SAN FRANCISCO (CN) – A three-judge panel of the Ninth Circuit on Tuesday appeared unmoved by the Trump administration's request to reinstate the travel ban, but at least one judge expressed skepticism that discrimination against Muslims motivated the president’s controversial executive order.
Circuit Judges Michelle Friedland, William Canby Jr. and Richard Clifton badgered August Flentje, Special Counsel for the U.S. Attorney General's office, during the one-hour hearing that focused on whether the panel should overturn the temporary restraining order placed on President Donald Trump's controversial travel ban by U.S. District Judge James Robart this past Friday.
At one point, Flentje conceded the judges appeared unpersuaded by his argument.
"I am not sure I am convincing the court so I'd like to make one last point," he said after a round of aggressive questioning by all three judges.
The Trump administration's position during the hearing hewed closely to the legal arguments they have made since Washington state Attorney General Eric Ferguson sued to block the travel ban last week.

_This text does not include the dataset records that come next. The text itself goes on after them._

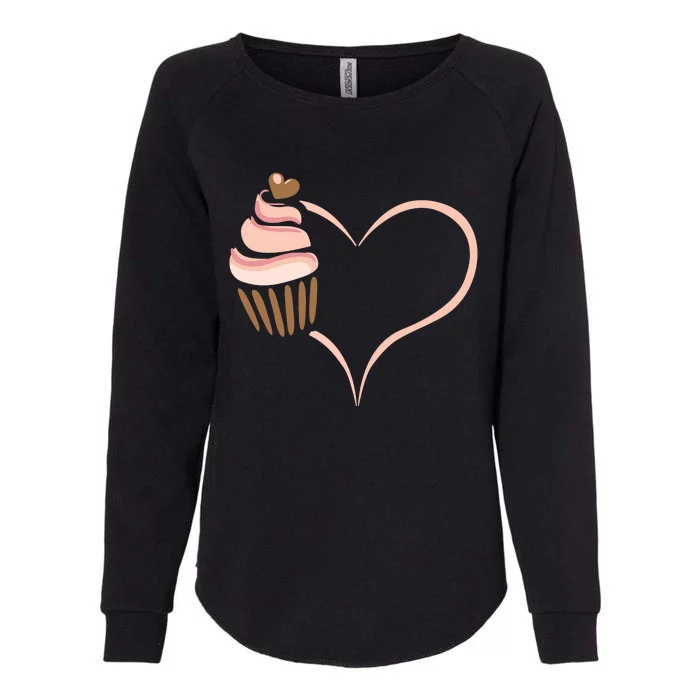 Baking Cupcake Cute Bakery Muffin Baking Cooking Womens California Wash Sweatshirt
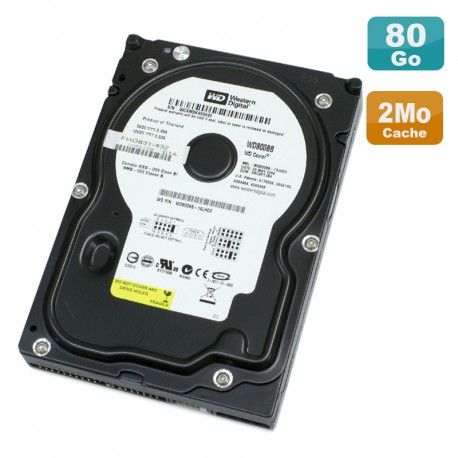 Disque Dur 80Go IDE ATA 3.5" Western Digital Caviar WD800BB 7200RPM 2Mo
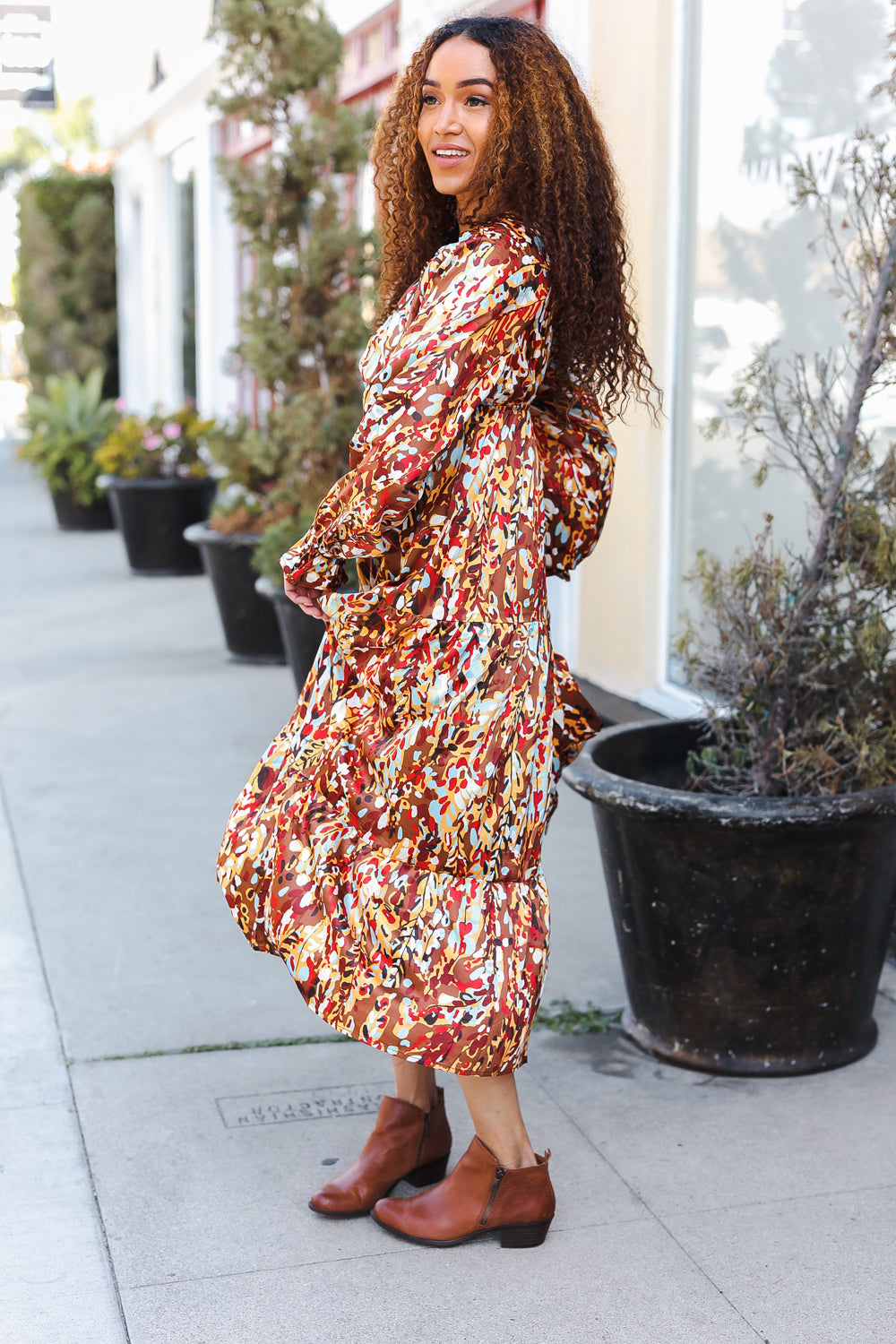 Feeling Femme Floral Maxi Dress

First, the president has broad discretion when it comes to the nexus of national security and admittance of noncitizens into the United States. Second, Washington state does not have standing because there is no harm to it specifically, and even if there is a harm the restraining order in place is overbroad, government lawyers argue.

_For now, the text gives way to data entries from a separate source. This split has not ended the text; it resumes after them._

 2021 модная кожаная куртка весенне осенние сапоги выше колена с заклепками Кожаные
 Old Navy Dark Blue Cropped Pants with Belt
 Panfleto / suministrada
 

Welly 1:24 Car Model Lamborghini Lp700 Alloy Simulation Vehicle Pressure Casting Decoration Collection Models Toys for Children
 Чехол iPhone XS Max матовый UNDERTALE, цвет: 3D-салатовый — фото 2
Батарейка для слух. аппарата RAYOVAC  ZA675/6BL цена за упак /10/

Friedland pointedly asked Flentje at one point if "a president's decision in this regard is essentially unreviewable” – essentially asking the attorney to acknowledge there have been instances where courts have reviewed a president's decisions regarding national security.
Flentje conceded courts had recourse to "limited review," but argued the executive order as signed by Trump did not warrant such review. When asked what type of review was appropriate in the government's opinion, Flentje pivoted to the matter of standing.
However, he did not make much progress on that front.
The judges seemed to accept Washington state’s argument that the travel ban's detrimental effect on its university systems, in terms of the inability of their faculty and students to travel back and forth freely from the seven affected Muslim-majority nations, constituted a proprietary interest sufficient to grant standing.
But the panel seemed less convinced that the state could sue on behalf of its citizens affected by the ban in this particular instance, though it noted cases where U.S. citizens have sued the government over immigration on behalf of noncitizens due to their own harm under the Constitution.
The judges demanded why the government thought those instances were different.
"The state doesn't have the same constitutional rights a wife does," Flentje said.
But Clifton asked about another case where a school sued on behalf of its scholars, a line of questioning Flentje struggled to parry.
Furthermore, all three judges entertained the state's argument that Trump's campaign statements about how he would seek to block entry into the United States by all Muslims – and recent comments by White House cybersecurity adviser Rudy Giuliani on Fox News that the president had asked him how to make a Muslim ban that was legal – constituted enough evidence to move forward with a case exploring whether there was discriminatory intent in the travel ban.